*What is required*.
Would you please set down the lines of the data from the one containing "vidaXL Rideau en" to the final line, exactly and only those?

Short web captions:
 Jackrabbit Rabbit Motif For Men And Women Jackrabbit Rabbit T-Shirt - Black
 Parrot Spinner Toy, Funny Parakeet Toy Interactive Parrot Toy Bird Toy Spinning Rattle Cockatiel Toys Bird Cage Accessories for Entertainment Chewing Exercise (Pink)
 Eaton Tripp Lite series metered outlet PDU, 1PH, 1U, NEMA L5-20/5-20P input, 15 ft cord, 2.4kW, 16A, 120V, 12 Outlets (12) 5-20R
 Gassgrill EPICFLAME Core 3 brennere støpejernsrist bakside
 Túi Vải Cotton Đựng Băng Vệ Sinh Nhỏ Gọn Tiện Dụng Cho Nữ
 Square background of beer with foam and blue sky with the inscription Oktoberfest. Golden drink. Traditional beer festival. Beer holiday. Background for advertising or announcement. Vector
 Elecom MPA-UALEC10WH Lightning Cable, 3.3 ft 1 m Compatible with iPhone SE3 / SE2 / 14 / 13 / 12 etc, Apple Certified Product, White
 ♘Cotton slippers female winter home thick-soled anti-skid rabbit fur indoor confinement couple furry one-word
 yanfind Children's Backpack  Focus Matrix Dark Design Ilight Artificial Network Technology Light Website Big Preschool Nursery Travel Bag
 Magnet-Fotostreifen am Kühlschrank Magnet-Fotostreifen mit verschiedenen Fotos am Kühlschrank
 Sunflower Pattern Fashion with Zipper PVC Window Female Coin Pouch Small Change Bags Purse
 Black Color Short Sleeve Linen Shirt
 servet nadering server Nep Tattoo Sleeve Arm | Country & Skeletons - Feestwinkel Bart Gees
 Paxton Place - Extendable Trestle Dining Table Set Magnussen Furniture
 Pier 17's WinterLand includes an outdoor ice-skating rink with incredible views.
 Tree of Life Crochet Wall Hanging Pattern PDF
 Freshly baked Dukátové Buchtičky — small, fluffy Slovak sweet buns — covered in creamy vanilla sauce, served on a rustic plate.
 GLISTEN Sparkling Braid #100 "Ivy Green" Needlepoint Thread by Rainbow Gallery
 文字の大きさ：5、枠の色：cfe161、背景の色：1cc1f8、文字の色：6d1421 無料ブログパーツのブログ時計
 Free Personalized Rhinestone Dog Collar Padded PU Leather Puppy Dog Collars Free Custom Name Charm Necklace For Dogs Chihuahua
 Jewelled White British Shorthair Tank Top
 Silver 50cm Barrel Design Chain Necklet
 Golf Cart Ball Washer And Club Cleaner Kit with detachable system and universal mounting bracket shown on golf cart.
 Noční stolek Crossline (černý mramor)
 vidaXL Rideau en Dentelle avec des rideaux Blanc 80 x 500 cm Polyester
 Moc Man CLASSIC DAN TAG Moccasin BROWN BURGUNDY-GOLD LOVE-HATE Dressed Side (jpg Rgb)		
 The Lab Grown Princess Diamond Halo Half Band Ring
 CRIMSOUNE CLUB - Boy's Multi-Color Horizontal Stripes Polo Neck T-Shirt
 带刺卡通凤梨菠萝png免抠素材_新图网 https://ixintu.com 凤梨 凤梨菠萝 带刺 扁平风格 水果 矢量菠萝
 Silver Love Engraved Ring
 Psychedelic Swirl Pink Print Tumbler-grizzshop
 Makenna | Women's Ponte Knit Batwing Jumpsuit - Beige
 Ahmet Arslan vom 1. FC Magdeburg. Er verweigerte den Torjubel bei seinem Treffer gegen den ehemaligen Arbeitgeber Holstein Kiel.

*Response below*.
 vidaXL Rideau en Dentelle avec des rideaux Blanc 80 x 500 cm Polyester
 Moc Man CLASSIC DAN TAG Moccasin BROWN BURGUNDY-GOLD LOVE-HATE Dressed Side (jpg Rgb)		
 The Lab Grown Princess Diamond Halo Half Band Ring
 CRIMSOUNE CLUB - Boy's Multi-Color Horizontal Stripes Polo Neck T-Shirt
 带刺卡通凤梨菠萝png免抠素材_新图网 https://ixintu.com 凤梨 凤梨菠萝 带刺 扁平风格 水果 矢量菠萝
 Silver Love Engraved Ring
 Psychedelic Swirl Pink Print Tumbler-grizzshop
 Makenna | Women's Ponte Knit Batwing Jumpsuit - Beige
 Ahmet Arslan vom 1. FC Magdeburg. Er verweigerte den Torjubel bei seinem Treffer gegen den ehemaligen Arbeitgeber Holstein Kiel.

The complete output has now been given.